Dani was a bright, intelligent, attractive woman, with a killer Californian accent. Stood to reason she’d be at the heart of any party. And so she should be. She’d admitted to enjoying that lifestyle back home and dabbling here, only a matter of time before she felt comfortable enough here to hang out with the in-crowd.
So I’d quashed my jealousy and let her have her space. I hadn’t contacted her much and to my annoyance, she’d done the same. Didn’t stop me wondering every second of every day what she was doing and who she was doing it with.
Which brought me to tonight.
As much as I hated the party lifestyle after I’d seen what it did to Mum, if I wanted to be a part of Dani’s life, I’d have to compromise.
I’d showed her the parts of Melbourne I loved. Now it was time to do things her way.
She walked into the pub at that moment and my heart twisted. Yeah, real casual. Not.
I stood and her face lit up when she caught sight of me. Heads turned as she wound her way through the crowd, watching the tall blonde in tight denim and a pink T-shirt, and who could blame them.

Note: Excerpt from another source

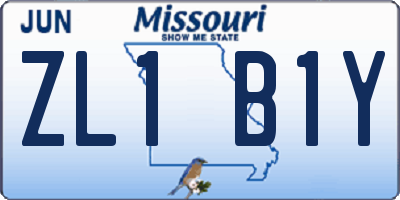 MO license plate ZL1B1Y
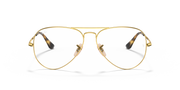 Gold aviator prescription eyewear frames with clear lenses and dark brow accents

Dani was a knockout. And I wanted to make her all mine.
Time to stop stuffing around. Tonight, I’d show her I could act my age and have fun like the rest of the crowd, and hopefully make her see I wanted more than friendship, despite everything I’d said to the contrary.

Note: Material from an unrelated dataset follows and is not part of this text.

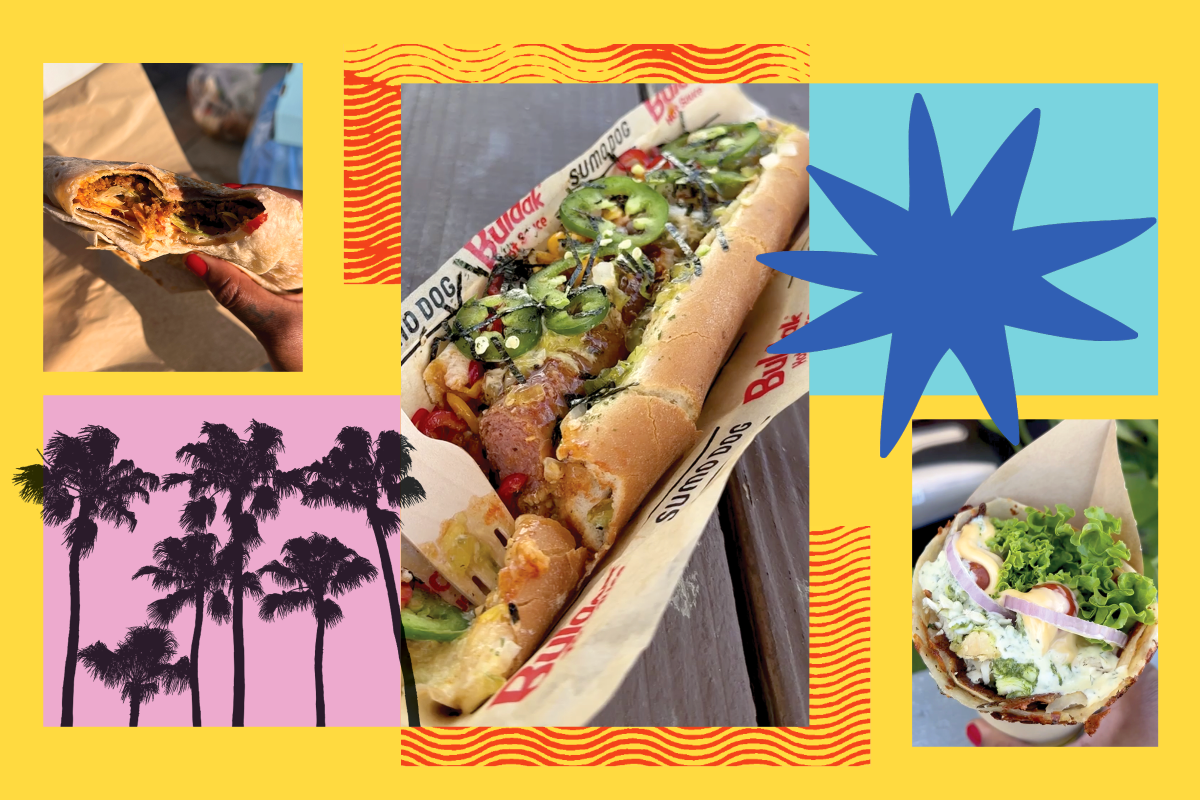 Collage of palm trees and food dishes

"Hey, you." She kissed me on my cheek, a friendly greeting she’d give anyone and I tried not to let my disappointment show. "Long time no see."
"Too long," I said, silently cursing when I sounded too flippant. "I missed you."
"That’s sweet." She actually patted my hand as she sat on the stool next to me. "Beer?"
I nodded. "Please." While inside, I was dying a slow death. No ‘I missed you too.’ No sign that we’d had mind-blowing sex, albeit weeks ago. No sign that she was interested in me as anything other than a friend.
Had I left my run too late? Had Dani hooked up with someone else?
"I didn’t think you were the pub crawl type," she said, dragging her gaze upward to meet my eyes, but not before I’d glimpsed her staring longingly at my mouth.
Maybe all was not lost.
"I’m not, but we haven’t hung out in ages and I know you’re into this, so here I am." I picked up the beer the waiter had just deposited and raised it. "Here’s to us."
She hesitated and for one god-awful moment I thought she wouldn’t toast. "To us," she finally said, lightly clinking her beer bottle to mine.
Damn, I had to play this right. Showing my feelings too soon could make her bolt, considering we hadn’t seen each other in a while. I needed to take things slow, work up to telling her the truth: that I was through doing the casual friendship thing and I wanted to date. For real.